The problem
Your reply should hold every record exactly as given, with no pictures in it.

Records for this exercise
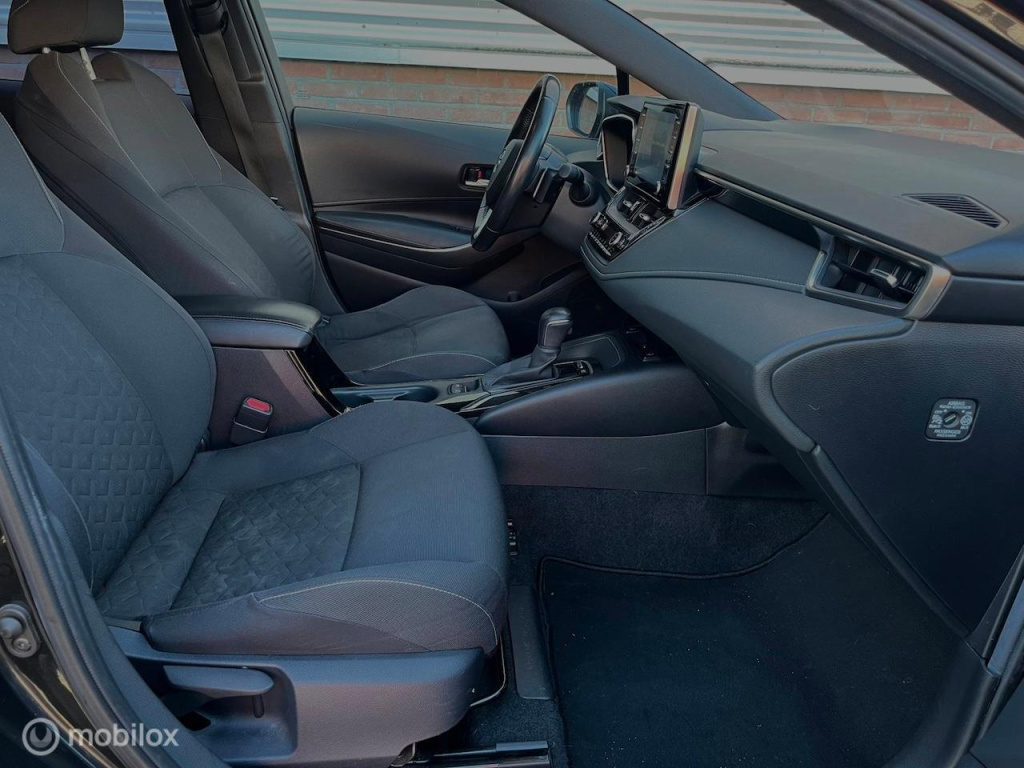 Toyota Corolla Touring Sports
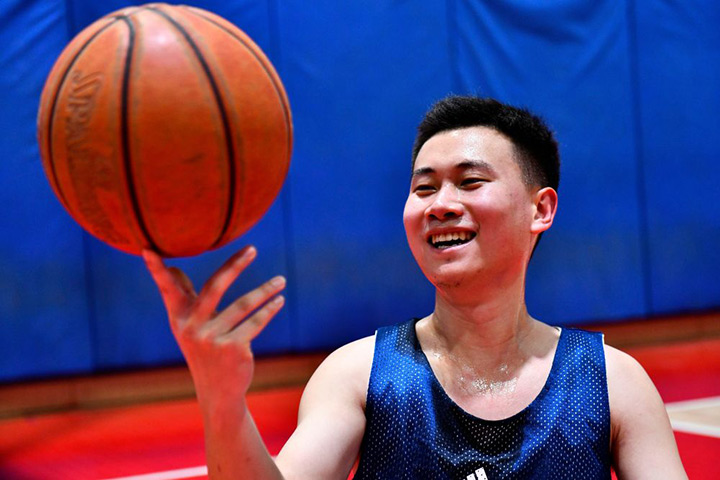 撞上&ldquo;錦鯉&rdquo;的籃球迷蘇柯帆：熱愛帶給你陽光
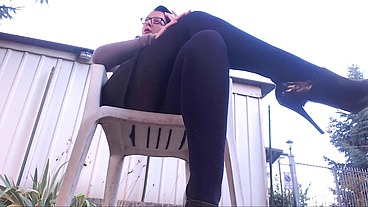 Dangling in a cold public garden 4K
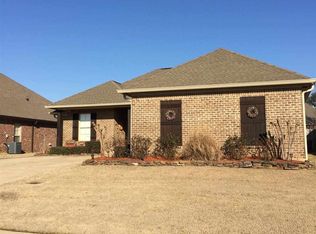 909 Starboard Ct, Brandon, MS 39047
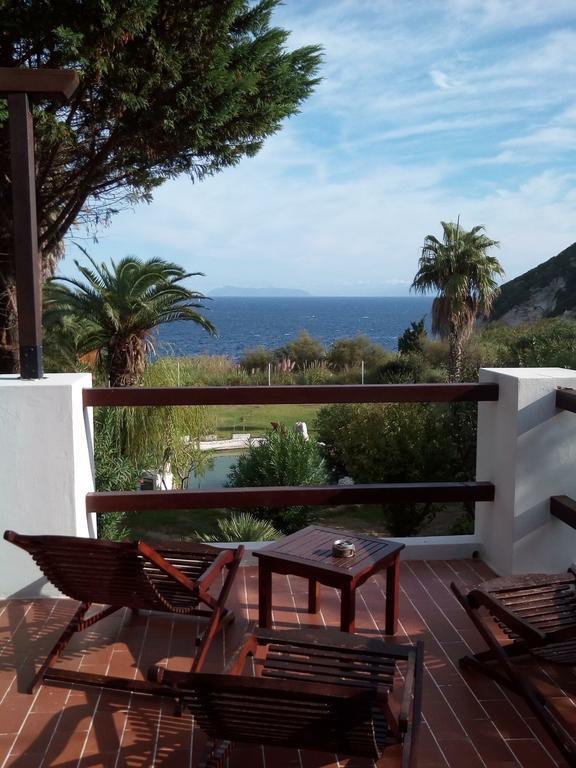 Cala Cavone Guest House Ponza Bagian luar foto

Exercise output
 Toyota Corolla Touring Sports
 撞上&ldquo;錦鯉&rdquo;的籃球迷蘇柯帆：熱愛帶給你陽光
 Dangling in a cold public garden 4K
 909 Starboard Ct, Brandon, MS 39047
 Cala Cavone Guest House Ponza Bagian luar foto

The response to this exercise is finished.